Latent Stage: Intermediate
During this stage, no noticeable symptoms are present. This dormancy can last for years giving the infected person the false belief the disease is gone. However, it’s still present, meaning it can still be spread to others via unprotected sexual contact. Additionally, if it remains untreated, it’s left to progress to the final stage.
At this time, syphilis has advanced to a dangerous and potentially life-threatening phase. After the failure to treat it during the subsequent stages over 10-30 years is when this stage occurs. During this time, organs and systems are impacted, contributing to fatal results. The organs and systems primarily affected are the heart, blood vessels, liver, bones, and joints. Additionally, soft tissue swellings known as gummas begin to develop on the body.

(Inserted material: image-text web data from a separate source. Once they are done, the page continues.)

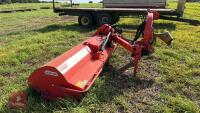 2019 MASCHIO GIRAFFONA 260 FLAIL TOPPER - 2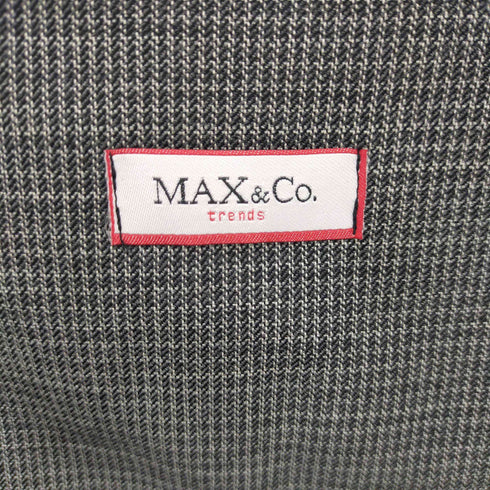 マックスアンドコー MAX & CO. ノースリーブワンピース レディース 38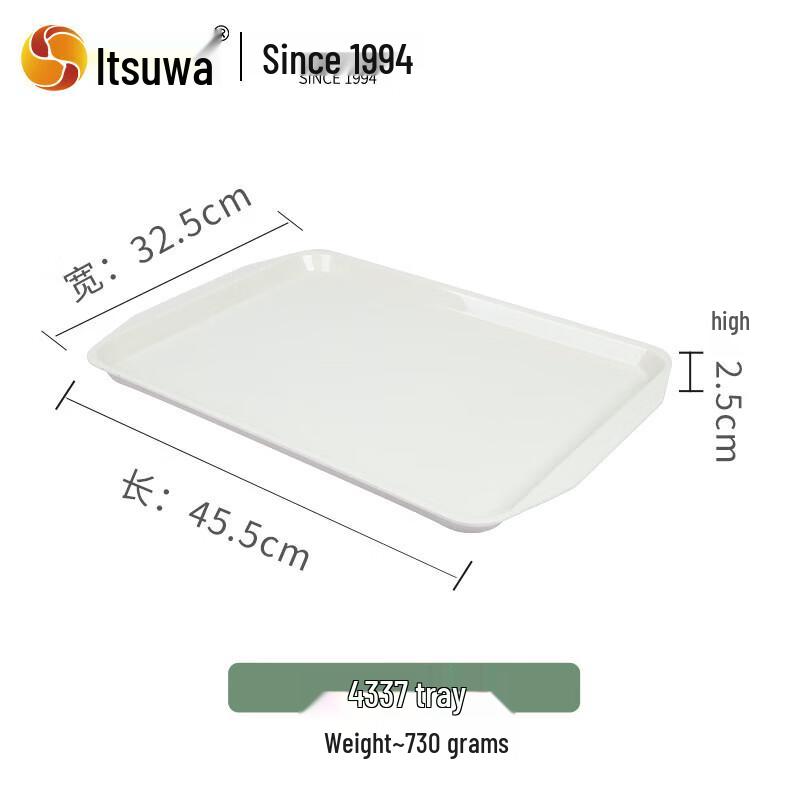 Сервировочный поднос из меламина пищевого качества Wuhe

Treating and Preventing Syphilis
Syphilis can become deadly if left untreated. But, when caught early, it can be cured with antibiotics. Even in the case of more progressive stages such as secondary and latent, the disease remains treatable. In those cases, a requirement involves taking antibiotics for a more extended period. Furthermore, complete abstinence from sexual activity is required until treatment is finalized. It’s only safe to resume sexual activity once a medical professional administers proper testing, revealing that the disease is no longer in the system. This process can take several months until tests come back negative for syphilis.

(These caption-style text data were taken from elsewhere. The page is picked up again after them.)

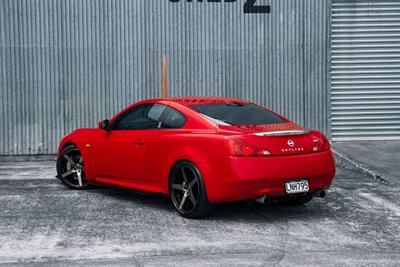 2008 Nissan Skyline - Thumbnail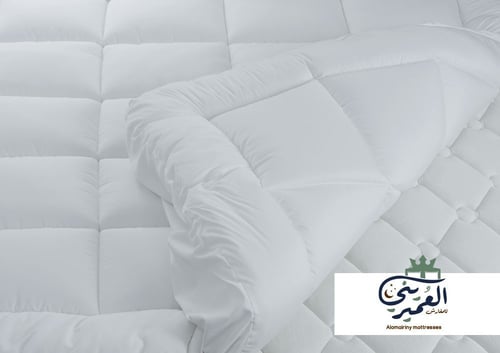 لباد 120×200 -14cm العميريني الفندقي - مفرد ونص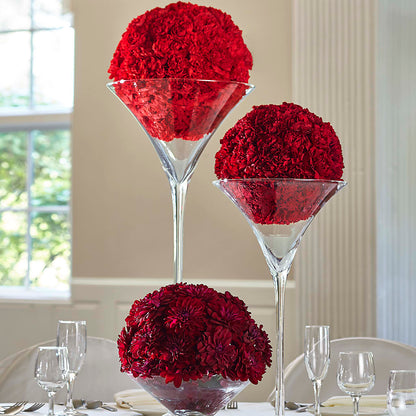 Our Special Vows Centerpiece –  Roots Of Love, Spotswood NJ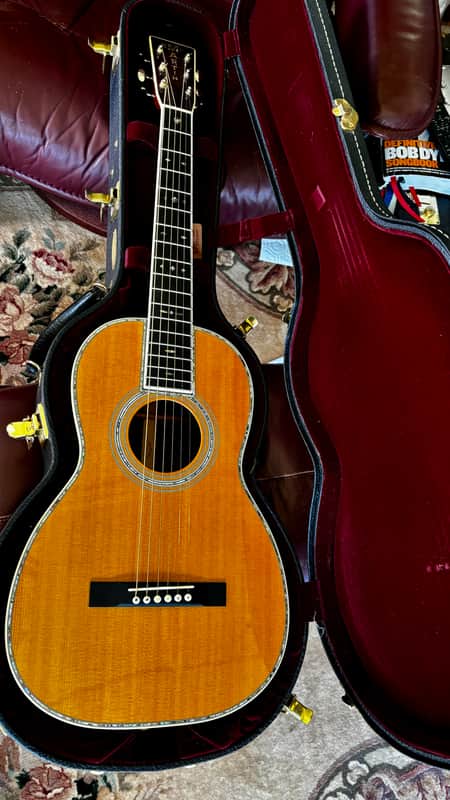 Martin Custom shop size2 42 style parlor guitar 2021 - Gloss image 1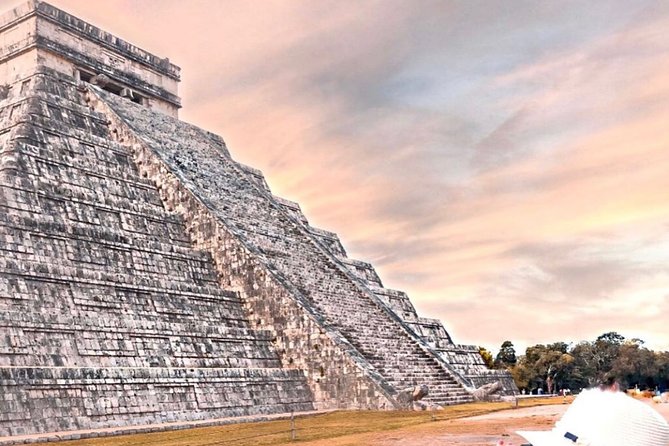 Chichen Itza Full Day Tour With Cenote Swim - Pickup Times, Vehicle Rides, And The Long-Day Schedule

Disease & Symptom Awareness
A key factor in catching and treating syphilis is awareness of how it’s contracted, common symptoms, and participating in regular screenings if you choose to be sexually active. Ultimately, taking the time to advocate for your sexual health and well-being if you’re deciding to engage in sexual activity with others. Doing so goes a long way in keeping you healthy and detecting issues early on. Furthermore, this knowledge will help you identify abnormal symptoms such as sores on the genitals and unusual rashes on the body as these are some of the earliest visible signs of syphilis.
Upon noticing said symptoms, schedule an appointment with your doctor to discuss your sexual history, symptoms you’re experiencing, and what appropriate tests need to be administered. Doing so leads to proper diagnosis and swift treatment.

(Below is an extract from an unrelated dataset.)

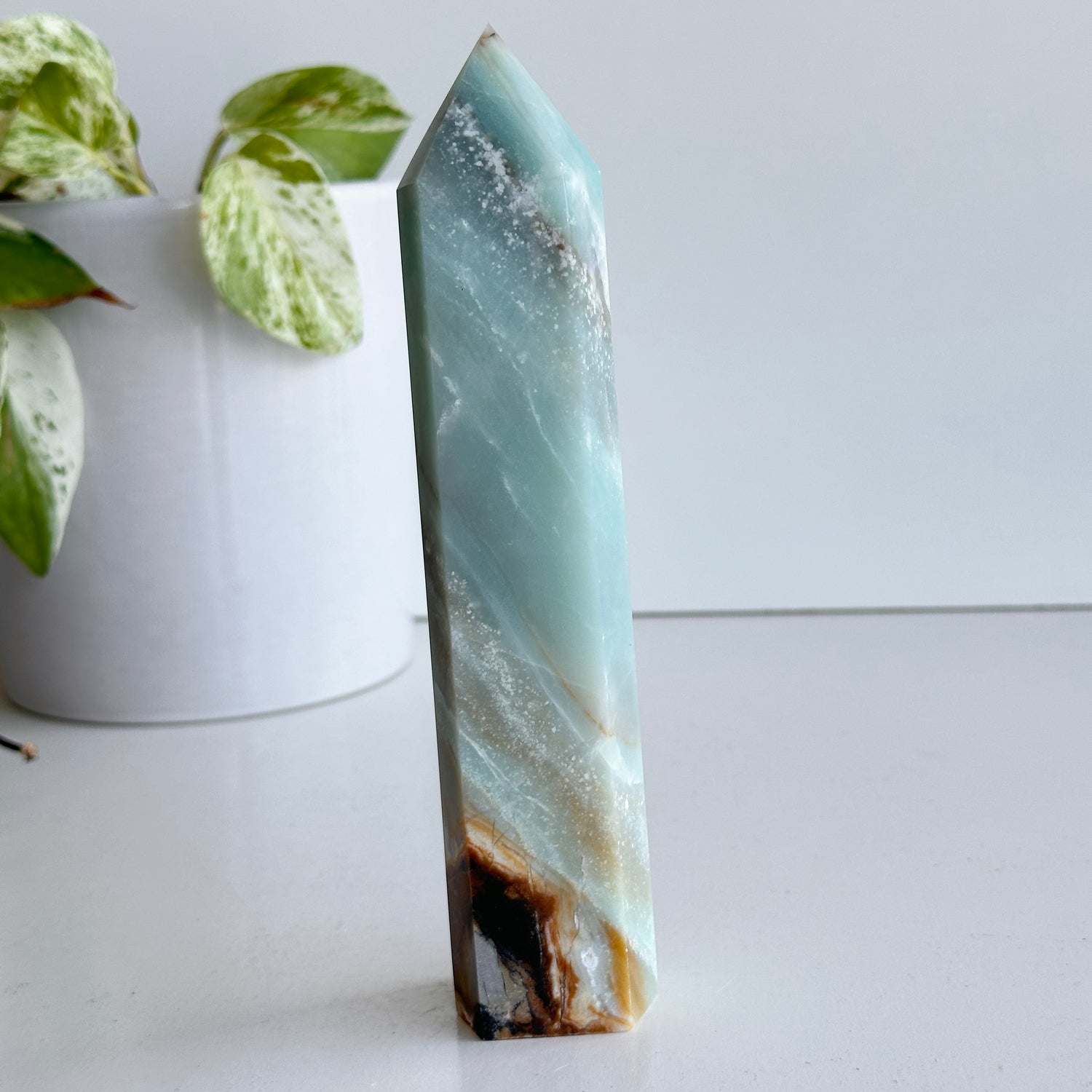 Amazonite Generator 17.1cm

Preventing Syphilis with Safe Sexual Practices
While syphilis is treatable with antibiotics, it can be prevented by choosing to engage in safe sexual practices. These practices range from abstinence to engaging in responsible and safe sexual relationships. The practice of abstinence involves avoiding all sexual contact, which includes oral and anal sex. Furthermore, this is the only method that’s 100% effective in preventing the spread and contraction of syphilis.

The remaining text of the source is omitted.